EXERCISE DATA

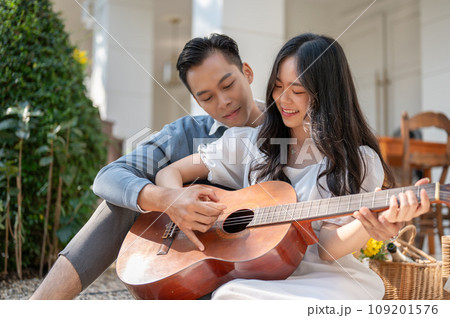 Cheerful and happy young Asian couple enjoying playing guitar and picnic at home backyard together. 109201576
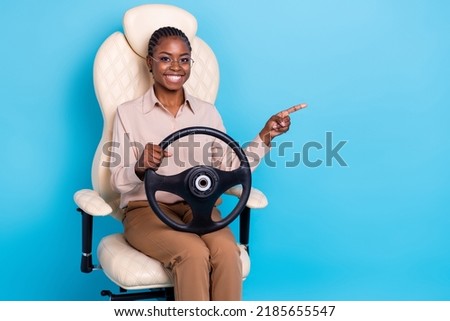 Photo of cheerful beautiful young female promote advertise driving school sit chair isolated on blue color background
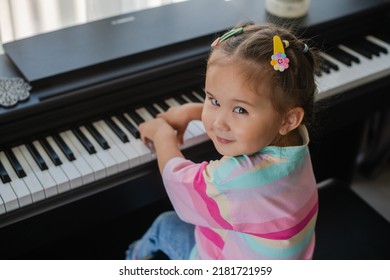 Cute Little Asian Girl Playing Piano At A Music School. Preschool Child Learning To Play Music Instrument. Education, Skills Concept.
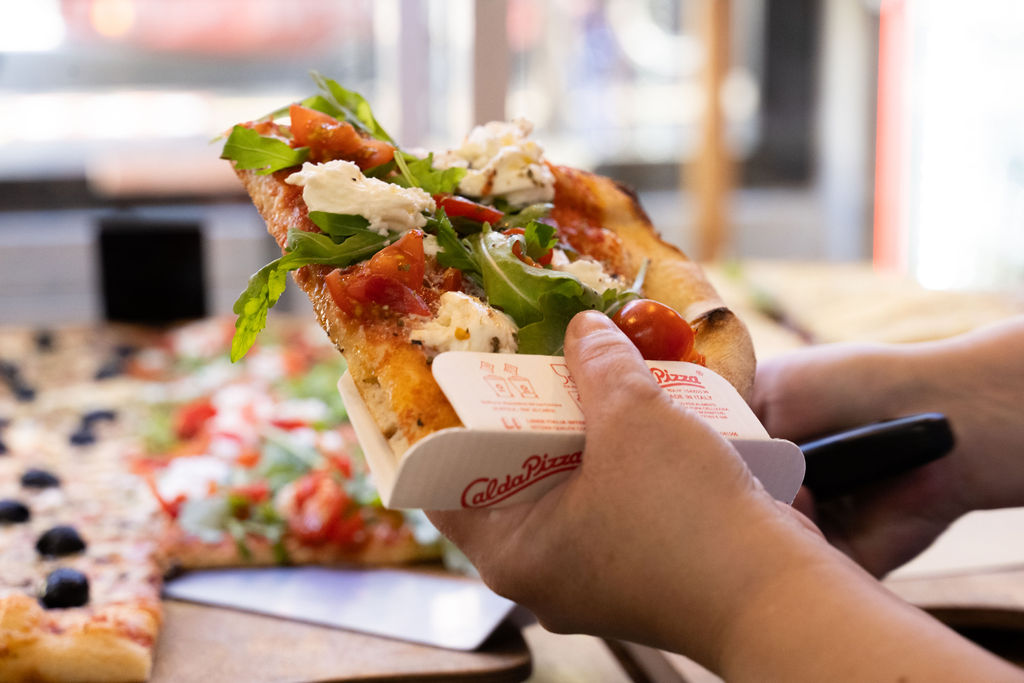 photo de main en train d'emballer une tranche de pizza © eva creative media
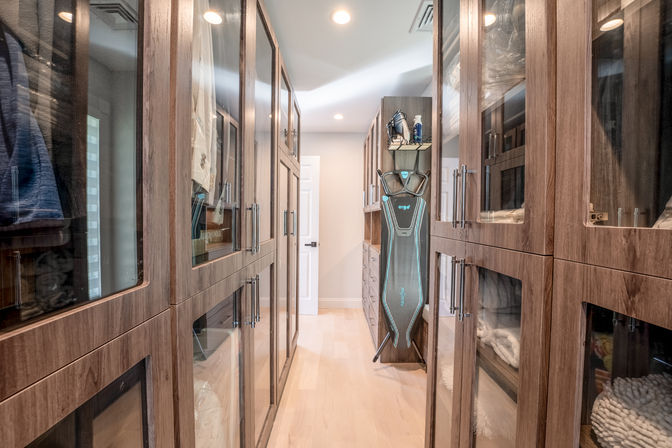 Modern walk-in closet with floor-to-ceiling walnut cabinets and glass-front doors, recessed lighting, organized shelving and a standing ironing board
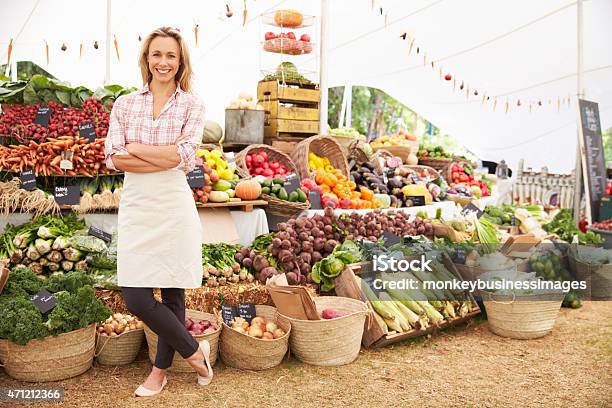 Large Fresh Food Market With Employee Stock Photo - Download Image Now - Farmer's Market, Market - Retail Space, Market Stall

TASK BRIEF
With the pictures omitted, copy exactly the lines from the line that contains "Cute Little Asian" through the end of the material.

SOLVED EXERCISE
 Cute Little Asian Girl Playing Piano At A Music School. Preschool Child Learning To Play Music Instrument. Education, Skills Concept.
 photo de main en train d'emballer une tranche de pizza © eva creative media
 Modern walk-in closet with floor-to-ceiling walnut cabinets and glass-front doors, recessed lighting, organized shelving and a standing ironing board
 Large Fresh Food Market With Employee Stock Photo - Download Image Now - Farmer's Market, Market - Retail Space, Market Stall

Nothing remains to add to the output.